Supplied entries »
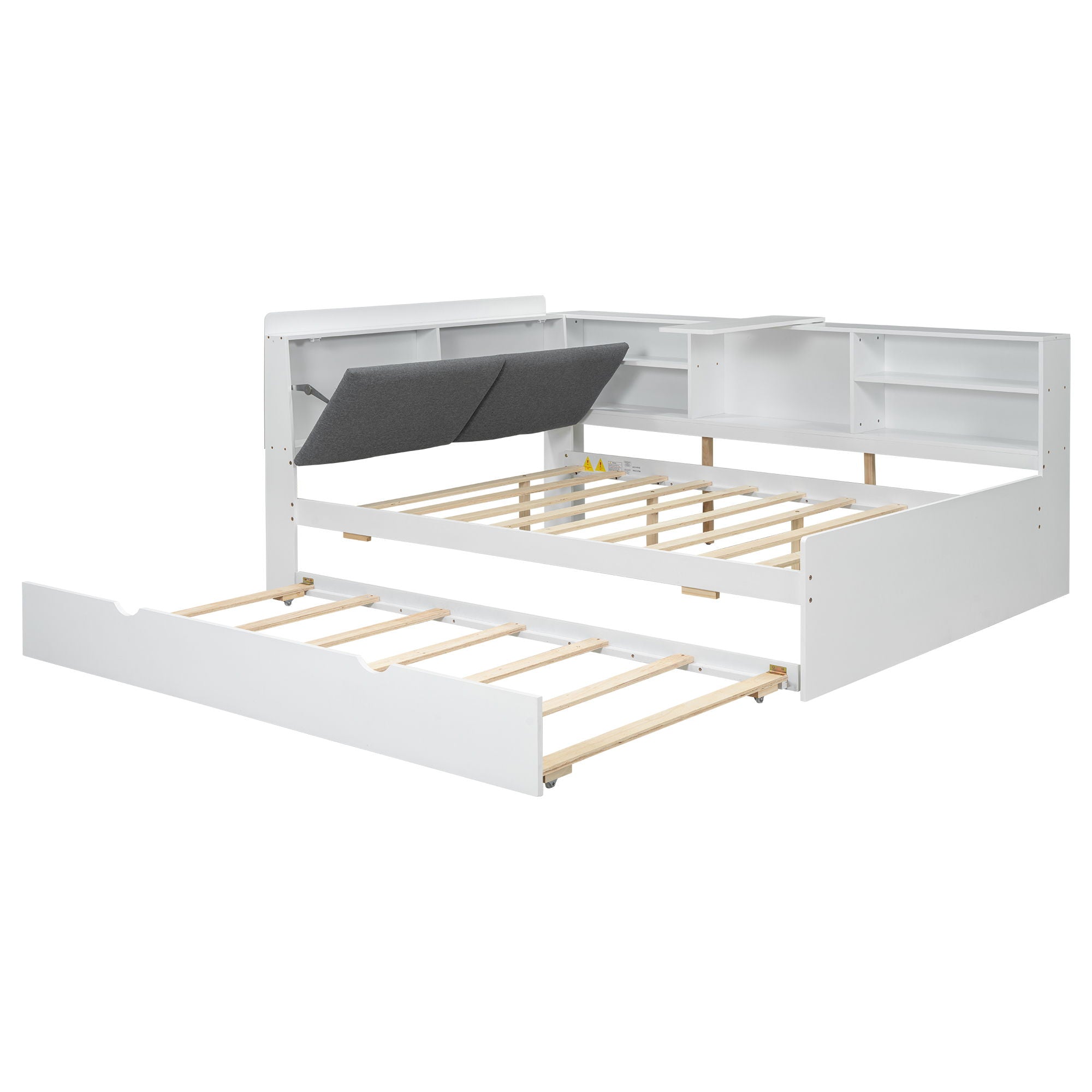 Platform Bed With Trundle, Shelves, And Storage Headboard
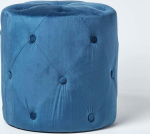 Homescapes Windsor Velvet Footstool Blue Ottoman with Button Stitching Round Decorative Stool Vintage Style 40cm High Dark Blue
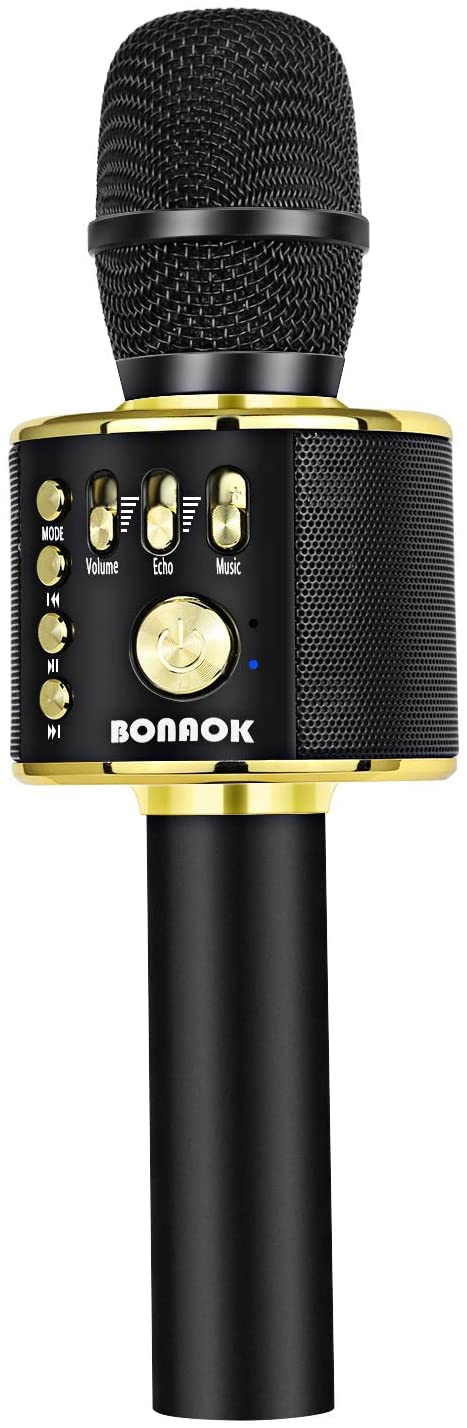 BONAOK Wireless Bluetooth Karaoke Microphone, 3-in-1 Portable Handheld Mic Speaker Machine for All Smartphones, Gifts to Girls Boys Kids Adults All Age Q37(Black Gold) - PCTechSupply.com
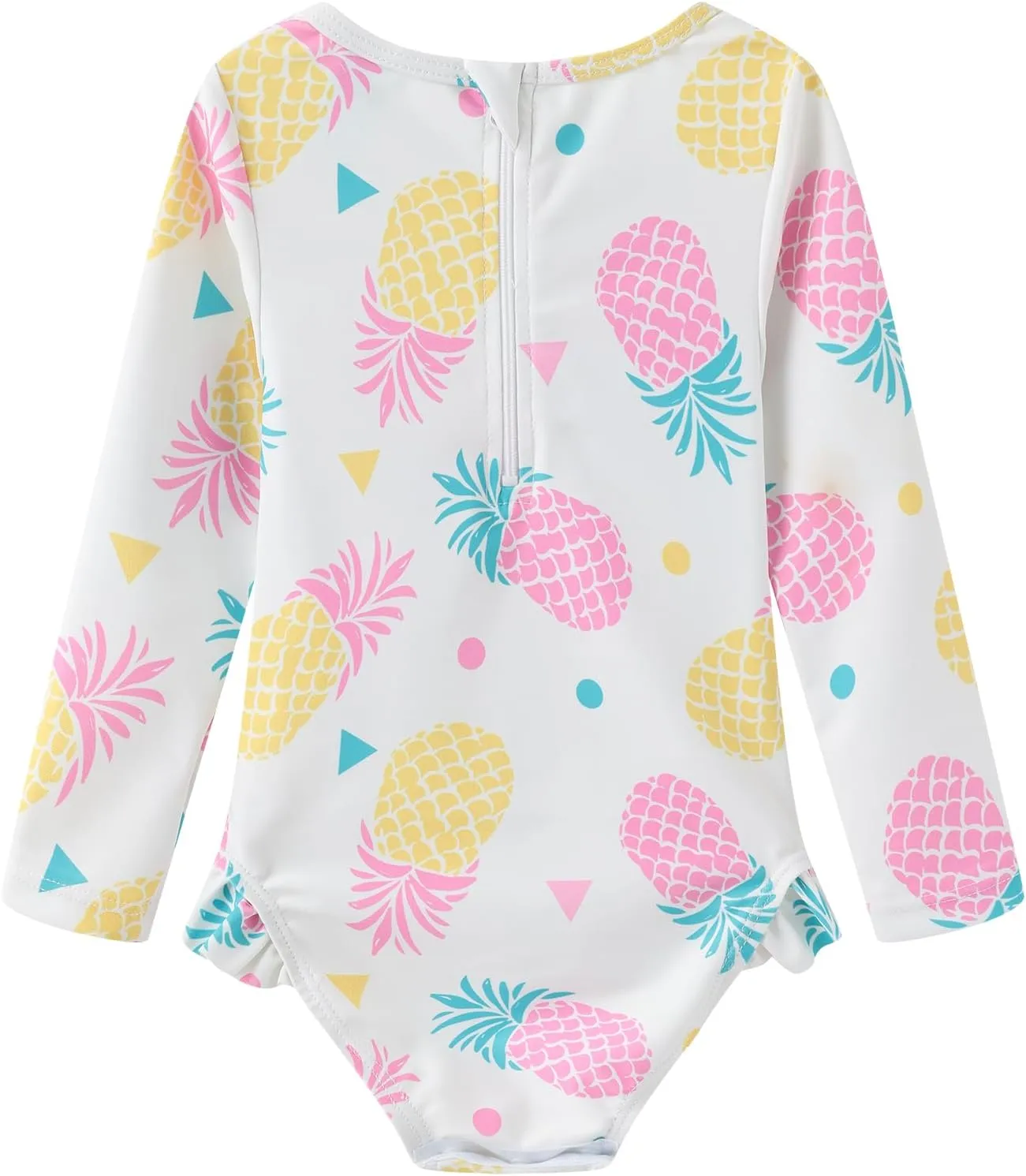 Baby and Toddler Girls One Piece Rash Guard Swimsuits for Girls Long Sleeve Swim Shirts with Sun Protection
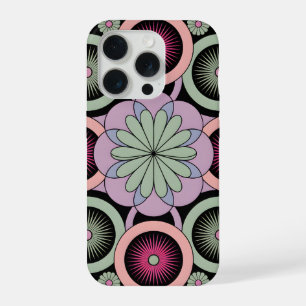 Retro Pastel Bloemige Mandala Symmetrie iPhone 15 Pro Case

What this task involves »
The whole of the data needs to be copied word for word, though not its pictures.

Response »
 Platform Bed With Trundle, Shelves, And Storage Headboard
 Homescapes Windsor Velvet Footstool Blue Ottoman with Button Stitching Round Decorative Stool Vintage Style 40cm High Dark Blue
 BONAOK Wireless Bluetooth Karaoke Microphone, 3-in-1 Portable Handheld Mic Speaker Machine for All Smartphones, Gifts to Girls Boys Kids Adults All Age Q37(Black Gold) - PCTechSupply.com
 Baby and Toddler Girls One Piece Rash Guard Swimsuits for Girls Long Sleeve Swim Shirts with Sun Protection
 Retro Pastel Bloemige Mandala Symmetrie iPhone 15 Pro Case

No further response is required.